Supplied information
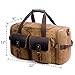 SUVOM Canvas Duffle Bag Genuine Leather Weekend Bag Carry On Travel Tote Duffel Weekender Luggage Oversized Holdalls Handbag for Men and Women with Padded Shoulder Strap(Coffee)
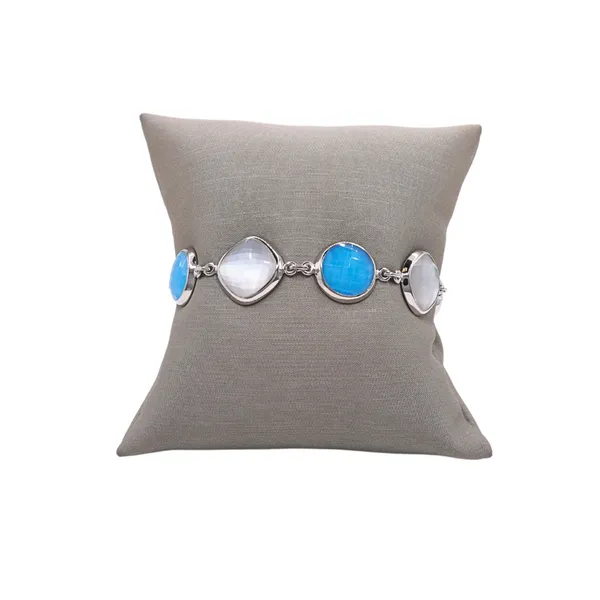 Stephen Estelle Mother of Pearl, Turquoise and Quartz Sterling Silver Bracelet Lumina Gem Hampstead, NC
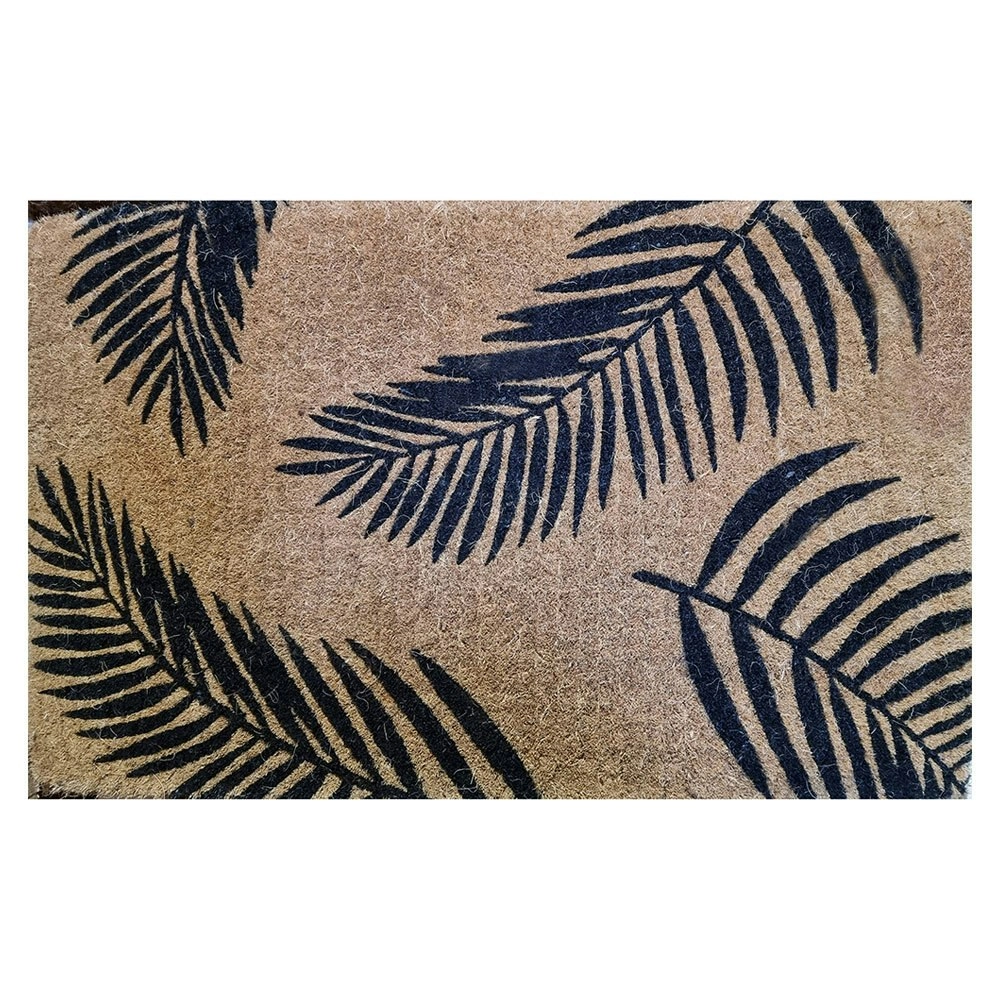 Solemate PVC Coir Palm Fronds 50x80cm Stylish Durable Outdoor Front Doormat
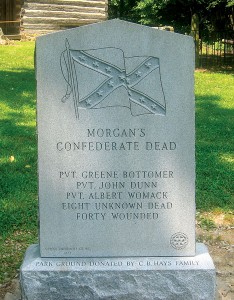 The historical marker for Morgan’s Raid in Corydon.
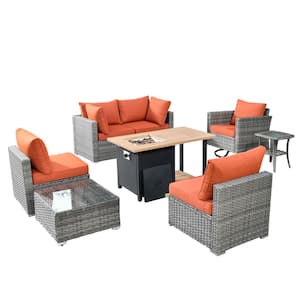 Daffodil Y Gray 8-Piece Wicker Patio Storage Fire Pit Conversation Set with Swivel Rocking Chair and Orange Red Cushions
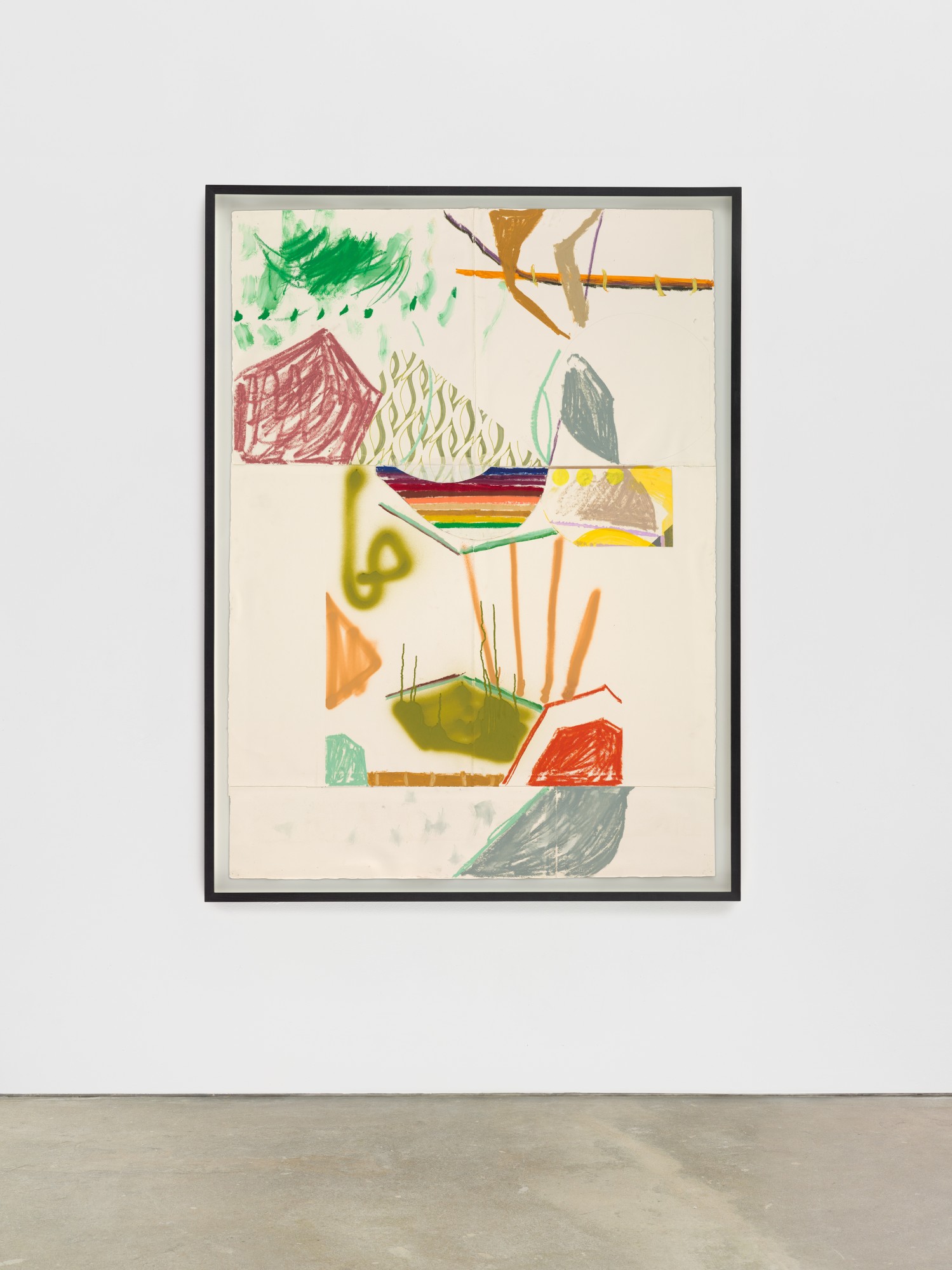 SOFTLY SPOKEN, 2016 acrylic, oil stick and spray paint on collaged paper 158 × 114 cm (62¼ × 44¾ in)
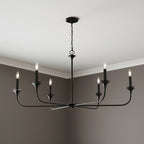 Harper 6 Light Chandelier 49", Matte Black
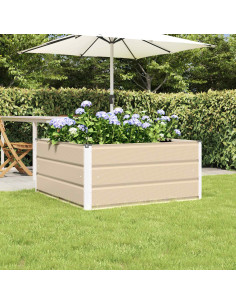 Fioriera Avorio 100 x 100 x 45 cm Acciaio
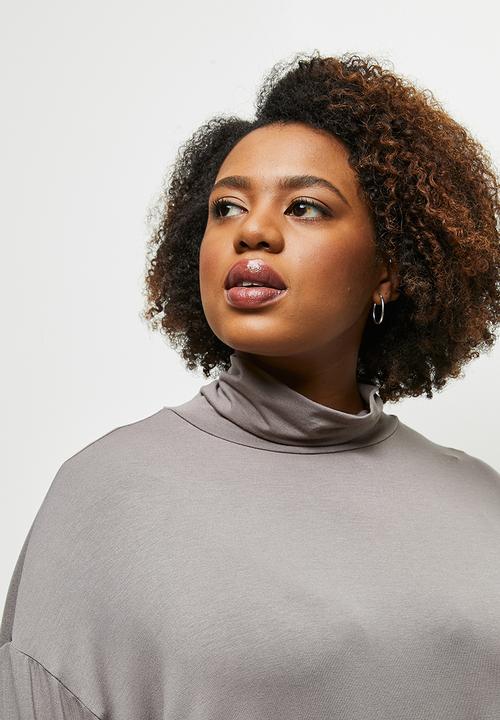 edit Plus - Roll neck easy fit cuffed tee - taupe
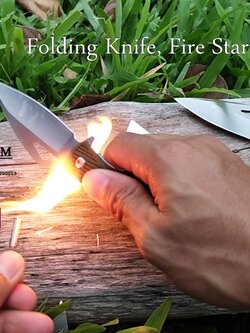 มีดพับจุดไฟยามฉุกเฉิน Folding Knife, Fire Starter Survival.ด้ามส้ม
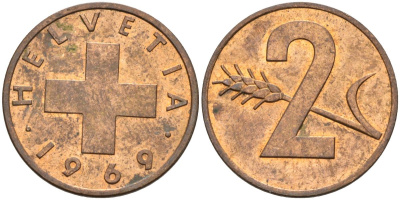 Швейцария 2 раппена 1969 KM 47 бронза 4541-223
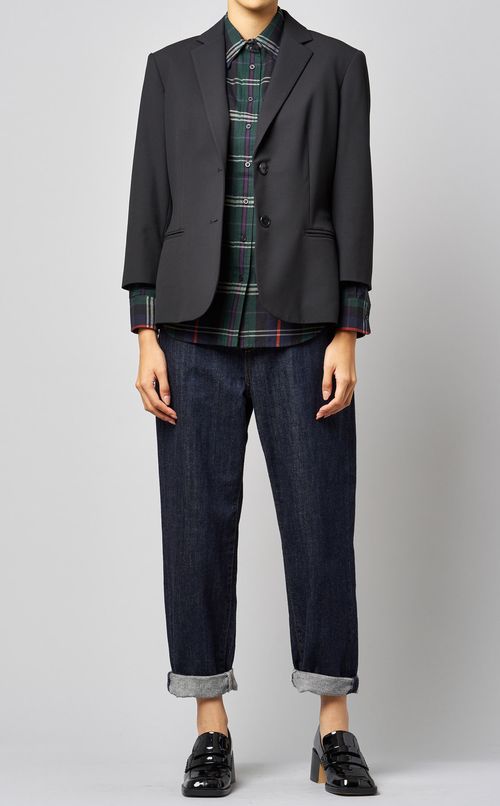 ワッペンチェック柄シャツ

...

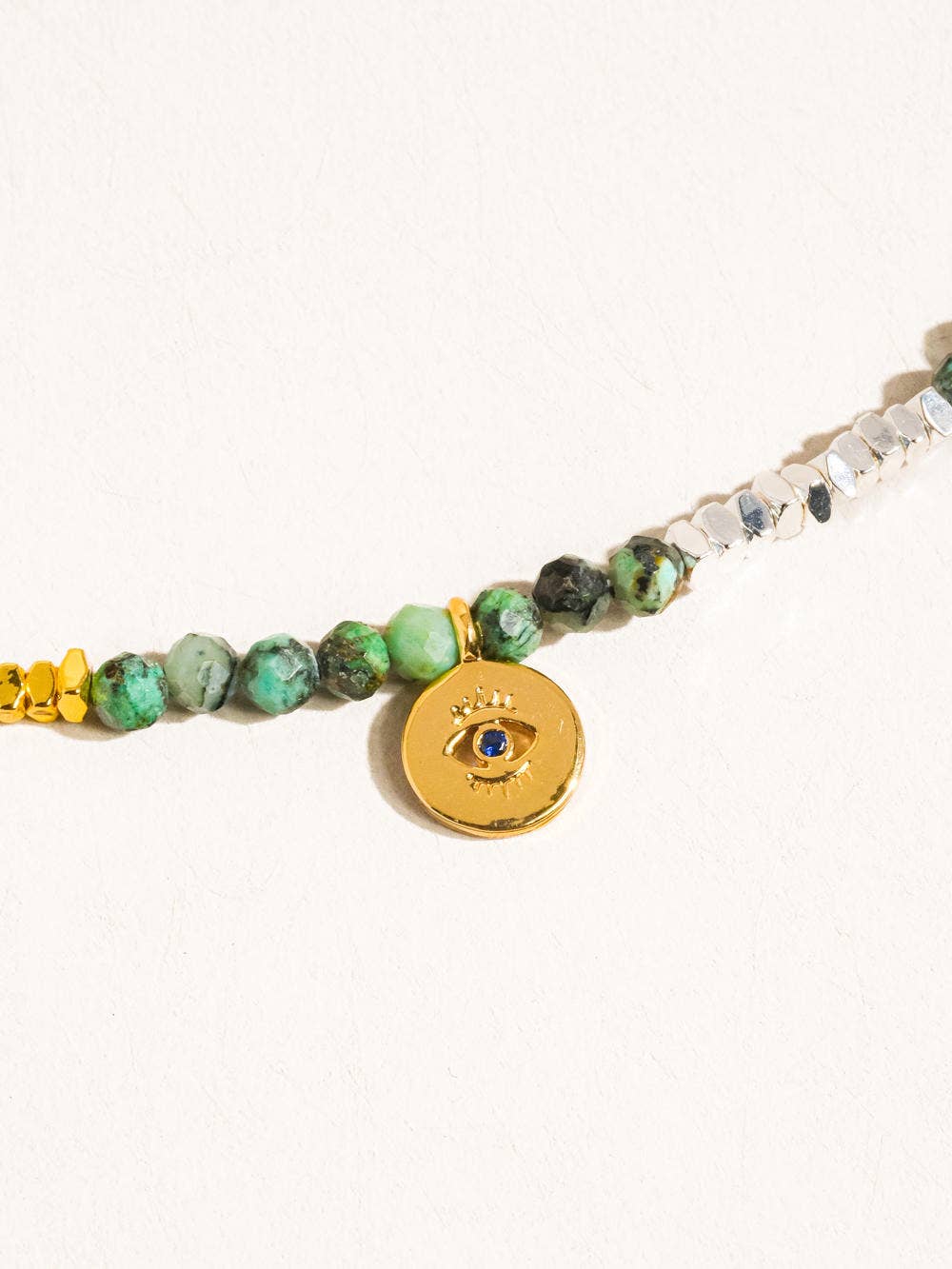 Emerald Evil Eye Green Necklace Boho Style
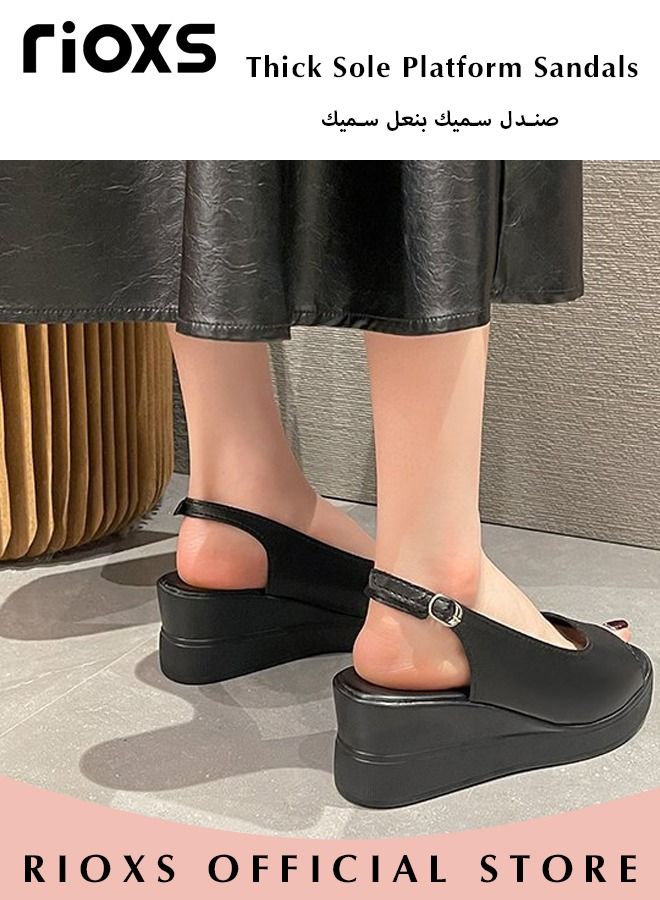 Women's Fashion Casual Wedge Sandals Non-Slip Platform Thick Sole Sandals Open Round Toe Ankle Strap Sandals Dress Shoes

Work order
Your answer should be the lines above, word for word, from the line with "มีดพับจุดไฟยามฉุกเฉิน Folding Knife, Fire" through the line with "ワッペンチェック柄シャツ", minus the pictures.

Written solution
 มีดพับจุดไฟยามฉุกเฉิน Folding Knife, Fire Starter Survival.ด้ามส้ม
 Швейцария 2 раппена 1969 KM 47 бронза 4541-223
 ワッペンチェック柄シャツ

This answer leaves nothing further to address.